Fig. 5.

Inhibition of PRRSV replication by ion channel blockers. (A) Strand-specific RT-PCR for N gene. The drug concentrations were used according to the previously report (Kreutz and Ackermann, 1996). Verapamil concentration was determined by limiting dilution for cell cytotocixity in Marc-145 cells. Marc-145 cells were treated with ammonium chloride (5 mM), chloroquine (20 μM), amantadine (1 mM) or verapamil (50 μM) for 30 min prior to PRRSV infection and the virus-infected cells were incubated for 3 days in the presence of the drug.
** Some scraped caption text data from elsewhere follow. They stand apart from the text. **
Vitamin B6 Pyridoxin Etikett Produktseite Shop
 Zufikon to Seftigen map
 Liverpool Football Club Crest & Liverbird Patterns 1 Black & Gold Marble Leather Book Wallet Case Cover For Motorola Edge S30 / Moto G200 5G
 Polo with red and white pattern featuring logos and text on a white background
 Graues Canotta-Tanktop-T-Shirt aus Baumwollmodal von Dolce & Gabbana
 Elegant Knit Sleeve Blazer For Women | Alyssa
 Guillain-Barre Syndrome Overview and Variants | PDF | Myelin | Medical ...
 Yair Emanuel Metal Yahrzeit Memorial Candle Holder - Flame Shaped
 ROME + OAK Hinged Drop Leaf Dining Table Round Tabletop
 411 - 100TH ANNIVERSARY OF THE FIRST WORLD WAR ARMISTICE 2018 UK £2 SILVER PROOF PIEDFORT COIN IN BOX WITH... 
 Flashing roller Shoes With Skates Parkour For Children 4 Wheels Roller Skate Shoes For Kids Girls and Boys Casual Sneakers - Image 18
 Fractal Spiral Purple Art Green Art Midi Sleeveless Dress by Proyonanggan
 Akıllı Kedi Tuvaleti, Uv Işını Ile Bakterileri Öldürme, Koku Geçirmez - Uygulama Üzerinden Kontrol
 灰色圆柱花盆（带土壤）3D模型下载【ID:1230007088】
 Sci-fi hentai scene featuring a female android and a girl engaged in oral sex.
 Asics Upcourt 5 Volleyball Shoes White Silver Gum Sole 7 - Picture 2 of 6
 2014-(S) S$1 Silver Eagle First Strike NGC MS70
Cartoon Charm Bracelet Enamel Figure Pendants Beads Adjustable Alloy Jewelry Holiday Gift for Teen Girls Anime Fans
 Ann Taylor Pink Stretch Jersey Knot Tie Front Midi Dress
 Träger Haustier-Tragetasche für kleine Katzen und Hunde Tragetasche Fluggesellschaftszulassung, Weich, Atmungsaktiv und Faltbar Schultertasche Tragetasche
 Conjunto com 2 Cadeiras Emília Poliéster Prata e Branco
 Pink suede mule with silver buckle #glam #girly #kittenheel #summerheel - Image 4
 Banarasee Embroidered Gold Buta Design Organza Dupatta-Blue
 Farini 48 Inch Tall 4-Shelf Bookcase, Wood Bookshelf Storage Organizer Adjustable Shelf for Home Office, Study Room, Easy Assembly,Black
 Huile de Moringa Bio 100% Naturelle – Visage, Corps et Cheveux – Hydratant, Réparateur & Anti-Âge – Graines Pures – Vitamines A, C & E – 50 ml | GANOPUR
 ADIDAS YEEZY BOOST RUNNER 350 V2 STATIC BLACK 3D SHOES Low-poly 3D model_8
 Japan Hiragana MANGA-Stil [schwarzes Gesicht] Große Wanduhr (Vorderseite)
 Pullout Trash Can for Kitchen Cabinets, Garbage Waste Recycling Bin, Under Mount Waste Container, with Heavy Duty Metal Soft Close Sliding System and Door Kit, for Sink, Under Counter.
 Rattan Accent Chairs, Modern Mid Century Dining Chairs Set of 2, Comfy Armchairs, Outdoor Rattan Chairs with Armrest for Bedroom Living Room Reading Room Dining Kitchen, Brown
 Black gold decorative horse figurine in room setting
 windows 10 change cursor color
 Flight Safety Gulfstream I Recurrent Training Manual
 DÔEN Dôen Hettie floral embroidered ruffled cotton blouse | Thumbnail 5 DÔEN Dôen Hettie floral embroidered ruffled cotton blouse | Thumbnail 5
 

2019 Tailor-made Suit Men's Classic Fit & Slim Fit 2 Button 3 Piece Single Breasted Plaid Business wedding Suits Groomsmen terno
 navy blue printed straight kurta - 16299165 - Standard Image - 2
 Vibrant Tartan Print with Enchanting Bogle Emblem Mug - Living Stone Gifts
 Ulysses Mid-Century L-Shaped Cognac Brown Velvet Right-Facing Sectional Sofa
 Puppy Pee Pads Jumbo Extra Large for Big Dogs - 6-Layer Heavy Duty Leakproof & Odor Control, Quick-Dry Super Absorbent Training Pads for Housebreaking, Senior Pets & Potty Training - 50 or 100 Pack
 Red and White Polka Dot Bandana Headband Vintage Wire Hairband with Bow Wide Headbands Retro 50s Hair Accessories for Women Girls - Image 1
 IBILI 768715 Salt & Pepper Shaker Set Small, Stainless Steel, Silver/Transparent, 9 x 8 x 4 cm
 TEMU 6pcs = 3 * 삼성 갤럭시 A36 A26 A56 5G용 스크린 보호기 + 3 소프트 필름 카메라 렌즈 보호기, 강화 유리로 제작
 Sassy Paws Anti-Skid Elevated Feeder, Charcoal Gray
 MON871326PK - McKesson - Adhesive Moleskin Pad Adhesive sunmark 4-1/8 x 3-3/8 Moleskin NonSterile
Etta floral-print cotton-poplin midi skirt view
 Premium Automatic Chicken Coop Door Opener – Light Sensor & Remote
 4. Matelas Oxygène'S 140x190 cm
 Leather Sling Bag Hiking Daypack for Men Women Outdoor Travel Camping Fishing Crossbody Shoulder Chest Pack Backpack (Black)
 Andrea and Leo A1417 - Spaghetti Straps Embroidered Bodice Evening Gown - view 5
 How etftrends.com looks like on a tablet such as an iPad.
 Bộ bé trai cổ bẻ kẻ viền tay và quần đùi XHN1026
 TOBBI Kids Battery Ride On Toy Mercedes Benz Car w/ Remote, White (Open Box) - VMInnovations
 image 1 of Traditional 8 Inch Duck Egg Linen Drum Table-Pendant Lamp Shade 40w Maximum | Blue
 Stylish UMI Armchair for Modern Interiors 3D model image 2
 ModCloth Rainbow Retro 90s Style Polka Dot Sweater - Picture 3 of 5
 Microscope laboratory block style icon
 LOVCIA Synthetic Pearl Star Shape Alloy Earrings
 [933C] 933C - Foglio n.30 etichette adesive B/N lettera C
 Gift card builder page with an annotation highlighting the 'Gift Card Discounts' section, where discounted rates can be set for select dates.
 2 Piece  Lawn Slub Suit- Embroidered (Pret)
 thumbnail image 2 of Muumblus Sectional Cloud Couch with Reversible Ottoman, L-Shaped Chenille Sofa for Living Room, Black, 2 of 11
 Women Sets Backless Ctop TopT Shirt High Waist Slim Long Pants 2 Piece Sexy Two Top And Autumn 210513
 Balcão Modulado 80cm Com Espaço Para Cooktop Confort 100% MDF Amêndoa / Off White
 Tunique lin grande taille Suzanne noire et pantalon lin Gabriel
Total RNA was extracted from cells at 2 days (upper and middle panels) or 3 days (lower panel) post-infection, and strand-specific RT-PCR was conducted to detect positive-sense (upper panel) or negative-sense (middle and lower panels) genome. Lane 1, molecular weight marker; lane 2, mock-inoculated cells; lane 3, untreated; lanes 4 to 7, treated with the indicated drug. (B) PRRSV replication in the presence of the drug. Virus-infected, drug-treated Marc-145 cells were stained for immunofluorescence (upper panels) with N-specific MAb SDOW-17 at 2 days post-infection (magnification 20×). PRRSV-specific CPE was monitored and photographed at 3 days post-infection (lower panels). (C) Growth kinetics of PRRSV in the presence of drugs. Cells infected with PRRSV were incubated in the presence of the drug, and culture supernatants were harvested at the indicated times for plaque assays in duplicate.